損益構造を
品種ごとに抜きだすには?

 一つの商品だけを売り上げているなら簡単ですが、ふつうはいくつかの品種をまとめたものが損益計算書(PL)に反映されるので、損益構造を品種ごとに抜きだすのは大変かもしれません。

 たとえば、あるメーカーが3種類の製品を製造販売していて、それぞれの製品に対応する工場と営業所が三つずつと、それらを統括する本社があったとします。

 この会社のPLの各科目は、次のような構成になります。

(1)売上高…三つの営業所で売り上げた3品種の売上高の合計額。
(2)売上原価…三つの工場で製造した3品種の製造原価(原材料費、労務費、製造経費)の合計額のうち売り上げた分。
(3)販管費…本社のすべての部署と三つの営業所で販売・管理に使った経費の合計額。

 この全体のPLを見ただけでは、3品種のどの製品が儲かっているのかがわかりません。そこで、品種別に分けたPLを作る必要が出てきます。そのためには「販管費」の中味を三つの品種に分けなくてはいけません。

 三つの営業所の経費は品種ごとに分かれているので「直接費」としてそのまま対応しますが、本社の経費は3品種のどれを作ったり販売するために使ったかを特定できない「共通費」と考えられるので、何らかの方法で品種別に割り振る必要があります。

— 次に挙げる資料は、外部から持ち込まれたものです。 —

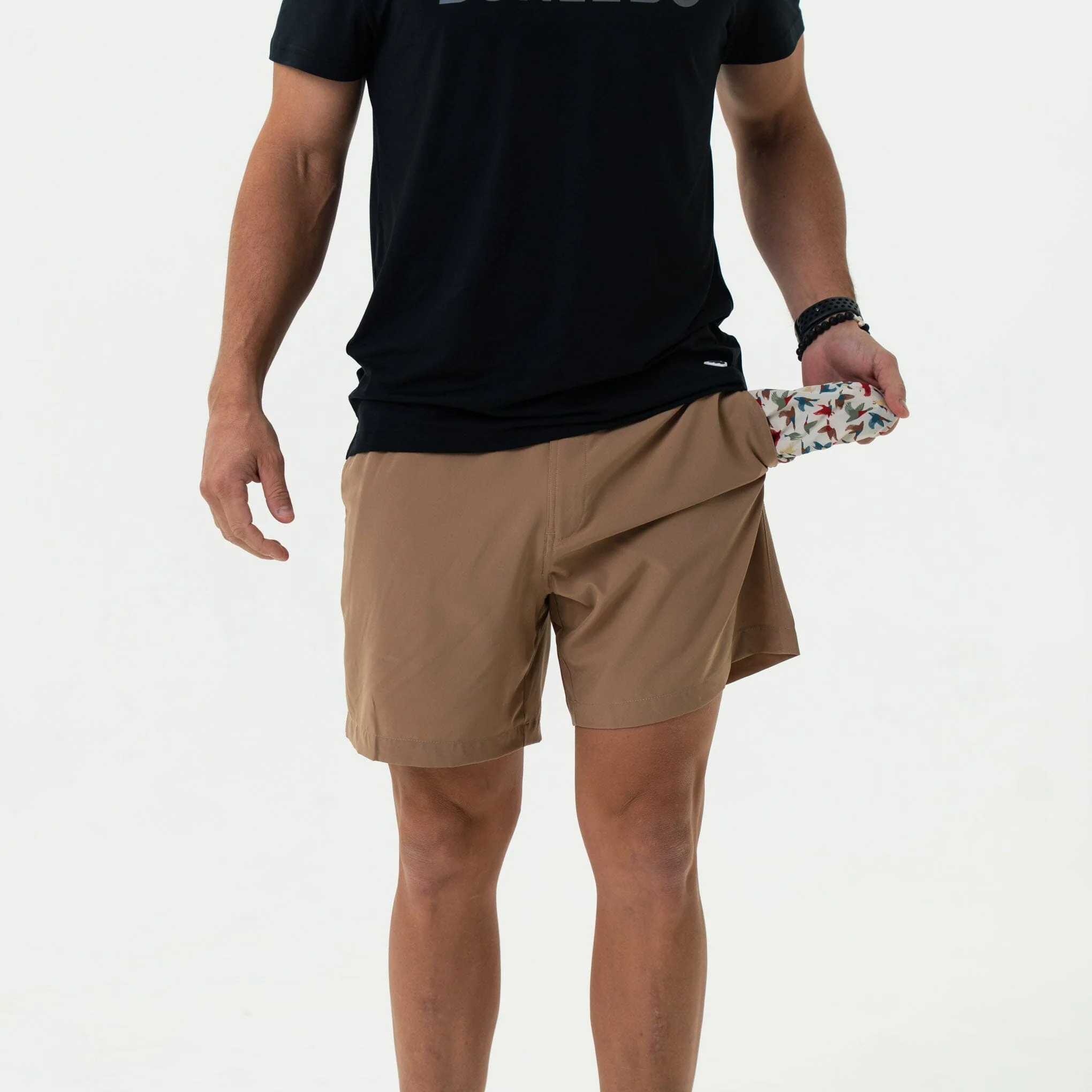 Everyday Short - Desert Tan - All Over Ducks Pocket - Image 5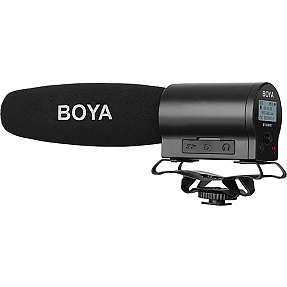 Boya BY-DMR7 Shotgun kamera-mikrofon.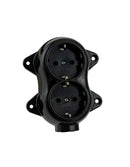 Aufputz Vintage Steckdose Rund Retro Schalter Wechselschalter Serienschalter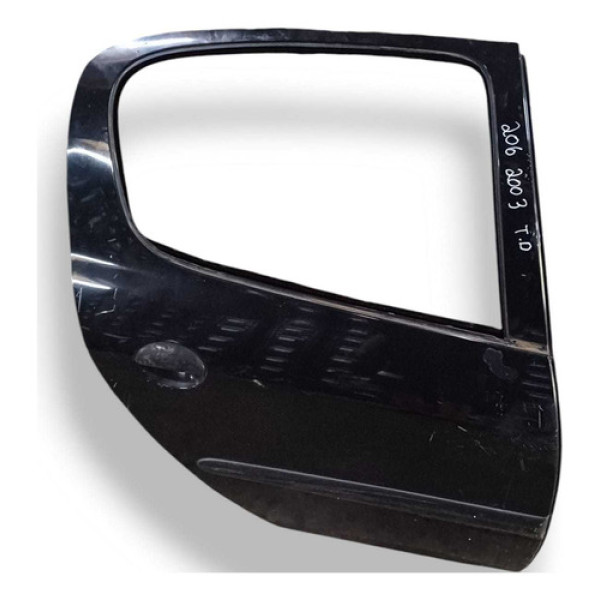 Porta Traseira Direita Sem Vidro Peugeot 206 2001 A 2005 1.0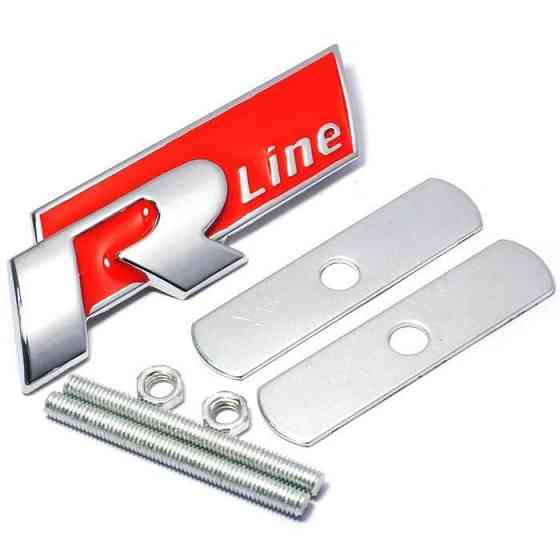 шильдик R line r-line Volkswagen Passat, СС, Touareg, Golf, Tiguan Запорожье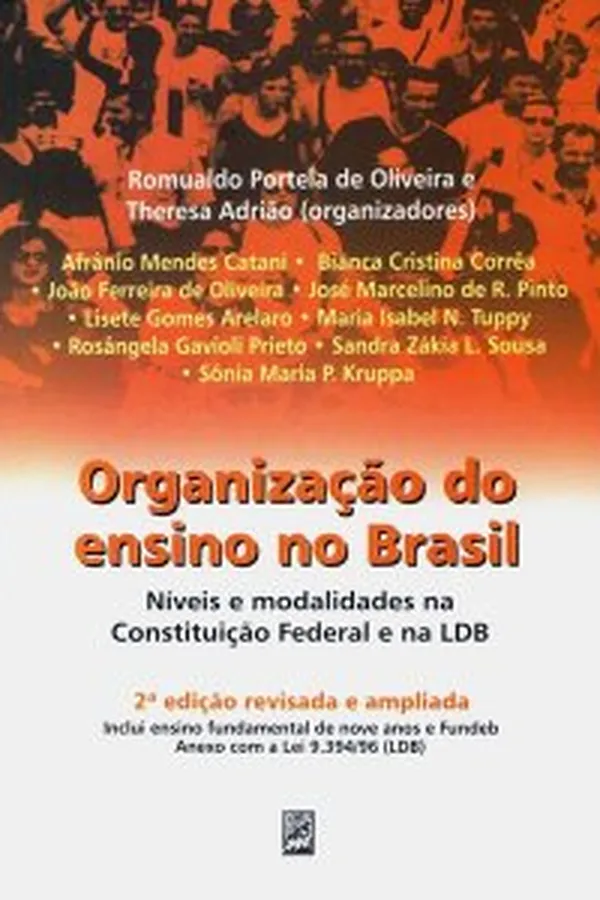 Capa de Organização do Ensino no Brasil
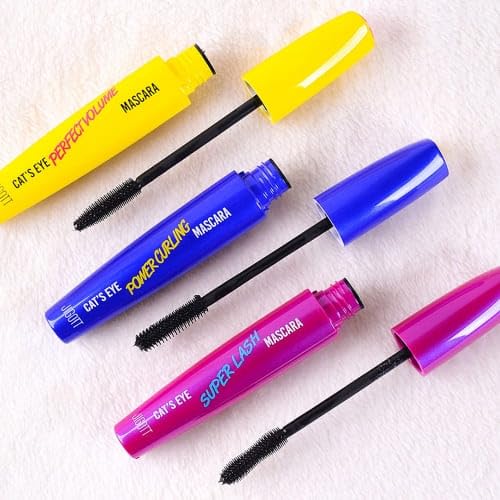 Jigott Cat's Eye Perfect Volume Mascara – Long Lashes, Glamorous Look (0.42 oz / 12 g)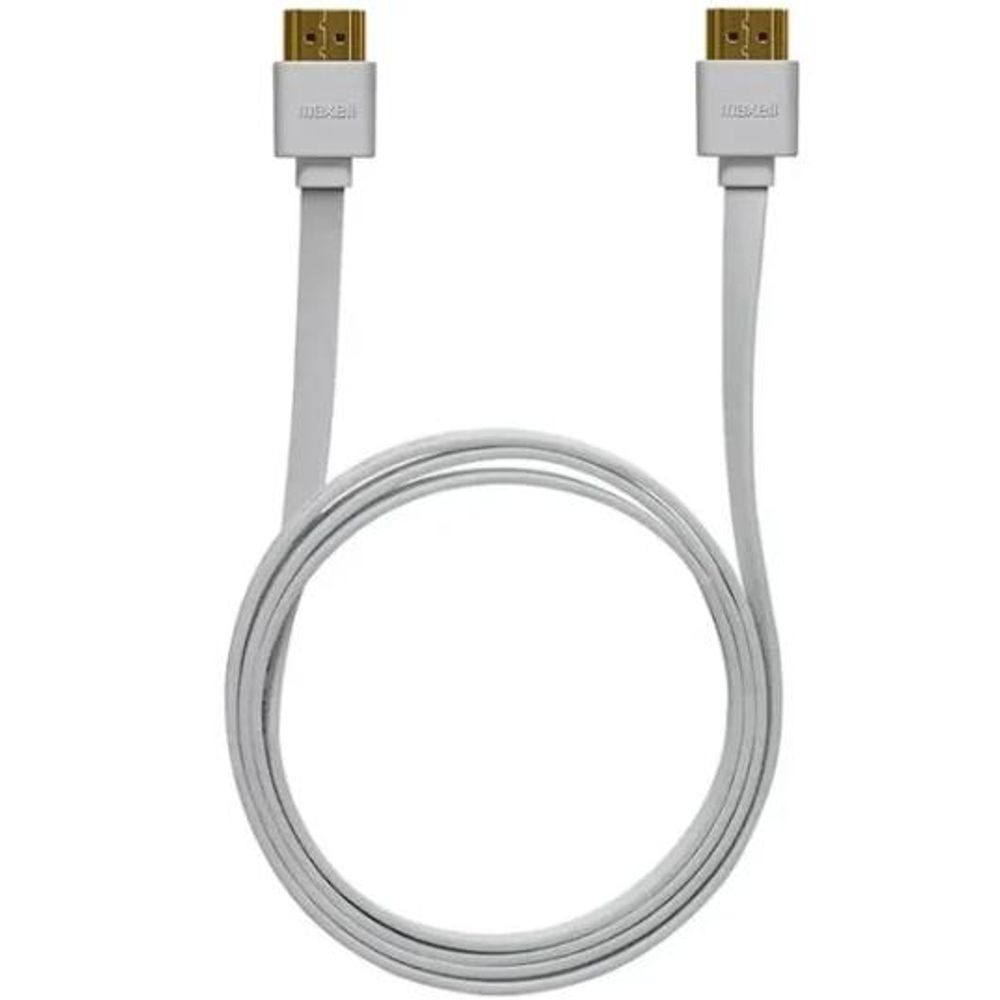 Cabo hdmi 4ft 2.0v 4k super flat branco 347785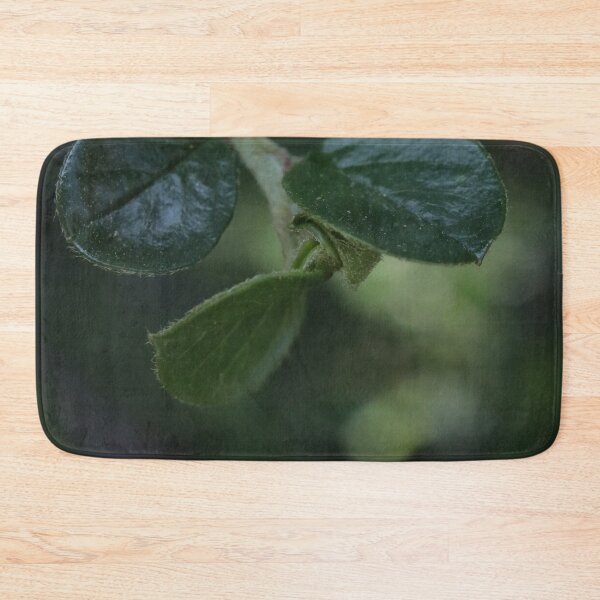 Item preview, Deep Green Glossy Leaves Macro - Moody Botanical Art designed and sold by vikko-art.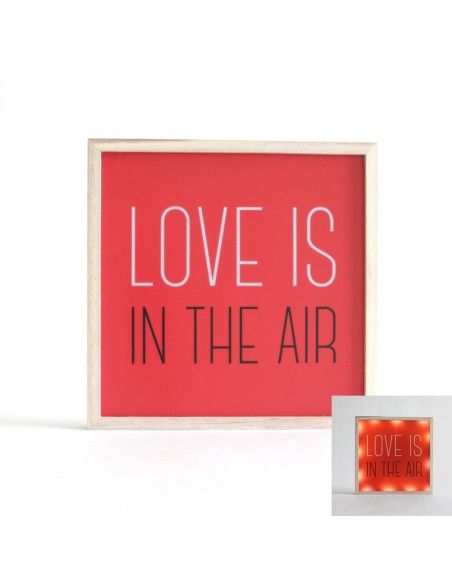Décoration lumineuse - " Love is in the air " - Carré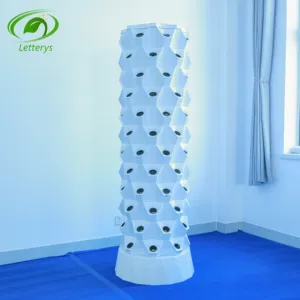 Hydroponics dọc nông nghiệp xoay aeroponic tháp vườn hệ thống với phát triển ánh sáng tháp thủy canh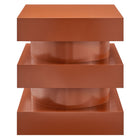 Modway Perpetuate Totem End Table - Cayenne-Arrives Fully Assembled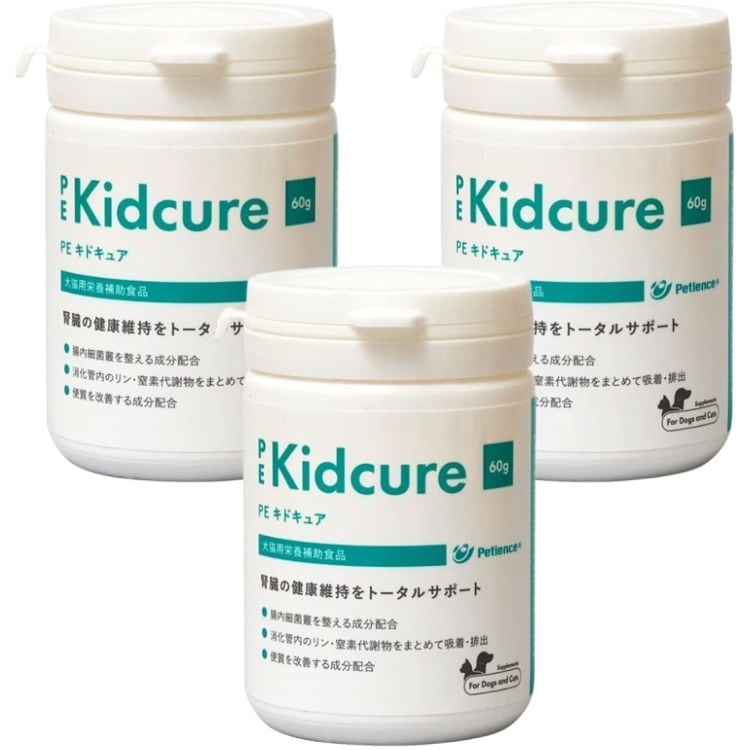 3個セット QIX PE キドキュア 犬猫用 60g 腎臓 サプリ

 この共通費を割り振るときによく使われるのが、売上高の比率による分け方です。

 それぞれの売上高がA品種3億円、B品種1億円、C品種2億円で、本社の販管費が5000万円だったとすると、売上高の比率で割り振り、「本社の販管費はAに2500万円、Bに800万円、Cに1700万円かかった」と決めてしまうのです。

 少し難しい話になりましたが、直接費と共通費の考え方だけわかれば結構です。